### What to produce:
All lines in the data below carrying the string "back" are to be located and copied.

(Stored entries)
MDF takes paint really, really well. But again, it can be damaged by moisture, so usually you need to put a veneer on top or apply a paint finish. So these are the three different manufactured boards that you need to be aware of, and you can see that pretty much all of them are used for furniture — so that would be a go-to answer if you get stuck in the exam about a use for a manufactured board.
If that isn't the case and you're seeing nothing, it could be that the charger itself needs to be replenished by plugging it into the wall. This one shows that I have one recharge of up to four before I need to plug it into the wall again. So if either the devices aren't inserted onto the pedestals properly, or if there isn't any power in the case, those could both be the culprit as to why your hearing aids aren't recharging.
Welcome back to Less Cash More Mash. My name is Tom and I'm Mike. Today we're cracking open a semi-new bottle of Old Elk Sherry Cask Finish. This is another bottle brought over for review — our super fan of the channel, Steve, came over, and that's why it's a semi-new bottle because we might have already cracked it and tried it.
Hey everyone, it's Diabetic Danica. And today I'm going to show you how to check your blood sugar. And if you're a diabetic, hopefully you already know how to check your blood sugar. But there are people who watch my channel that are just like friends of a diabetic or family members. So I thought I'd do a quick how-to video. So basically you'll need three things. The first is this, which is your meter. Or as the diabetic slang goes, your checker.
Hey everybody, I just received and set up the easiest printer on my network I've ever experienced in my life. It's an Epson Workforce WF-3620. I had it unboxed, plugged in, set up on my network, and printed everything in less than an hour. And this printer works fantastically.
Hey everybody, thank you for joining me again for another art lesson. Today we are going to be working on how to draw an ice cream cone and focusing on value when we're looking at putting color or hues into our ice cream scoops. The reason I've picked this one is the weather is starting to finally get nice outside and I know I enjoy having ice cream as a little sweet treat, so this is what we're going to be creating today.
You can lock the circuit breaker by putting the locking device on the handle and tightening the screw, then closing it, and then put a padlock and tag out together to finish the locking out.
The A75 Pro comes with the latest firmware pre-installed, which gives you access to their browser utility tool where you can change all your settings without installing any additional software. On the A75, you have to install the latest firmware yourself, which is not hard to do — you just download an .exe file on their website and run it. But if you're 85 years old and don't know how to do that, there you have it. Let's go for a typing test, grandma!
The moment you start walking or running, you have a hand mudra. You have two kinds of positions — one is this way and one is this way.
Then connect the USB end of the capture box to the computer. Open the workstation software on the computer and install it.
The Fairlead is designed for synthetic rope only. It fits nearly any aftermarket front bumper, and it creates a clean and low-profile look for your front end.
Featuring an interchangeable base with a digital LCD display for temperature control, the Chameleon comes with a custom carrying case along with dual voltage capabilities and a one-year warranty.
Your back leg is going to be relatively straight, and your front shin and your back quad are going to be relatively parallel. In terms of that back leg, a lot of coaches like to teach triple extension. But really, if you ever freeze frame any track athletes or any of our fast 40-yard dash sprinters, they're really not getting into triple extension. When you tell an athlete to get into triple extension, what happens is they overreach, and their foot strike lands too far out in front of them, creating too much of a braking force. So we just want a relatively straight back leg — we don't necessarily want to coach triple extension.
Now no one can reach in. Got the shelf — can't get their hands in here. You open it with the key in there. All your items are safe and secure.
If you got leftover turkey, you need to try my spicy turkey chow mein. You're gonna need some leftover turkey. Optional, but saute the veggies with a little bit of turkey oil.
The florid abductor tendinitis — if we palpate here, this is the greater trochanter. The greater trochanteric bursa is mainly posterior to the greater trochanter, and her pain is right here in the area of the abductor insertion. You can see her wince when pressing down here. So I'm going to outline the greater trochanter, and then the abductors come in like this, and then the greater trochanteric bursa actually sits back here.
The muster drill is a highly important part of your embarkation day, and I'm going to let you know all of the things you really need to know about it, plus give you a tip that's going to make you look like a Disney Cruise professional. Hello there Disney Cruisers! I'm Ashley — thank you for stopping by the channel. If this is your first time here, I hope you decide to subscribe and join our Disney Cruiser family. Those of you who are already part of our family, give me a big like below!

### Response to the task:
Welcome back to Less Cash More Mash. My name is Tom and I'm Mike. Today we're cracking open a semi-new bottle of Old Elk Sherry Cask Finish. This is another bottle brought over for review — our super fan of the channel, Steve, came over, and that's why it's a semi-new bottle because we might have already cracked it and tried it.
Your back leg is going to be relatively straight, and your front shin and your back quad are going to be relatively parallel. In terms of that back leg, a lot of coaches like to teach triple extension. But really, if you ever freeze frame any track athletes or any of our fast 40-yard dash sprinters, they're really not getting into triple extension. When you tell an athlete to get into triple extension, what happens is they overreach, and their foot strike lands too far out in front of them, creating too much of a braking force. So we just want a relatively straight back leg — we don't necessarily want to coach triple extension.
The florid abductor tendinitis — if we palpate here, this is the greater trochanter. The greater trochanteric bursa is mainly posterior to the greater trochanter, and her pain is right here in the area of the abductor insertion. You can see her wince when pressing down here. So I'm going to outline the greater trochanter, and then the abductors come in like this, and then the greater trochanteric bursa actually sits back here.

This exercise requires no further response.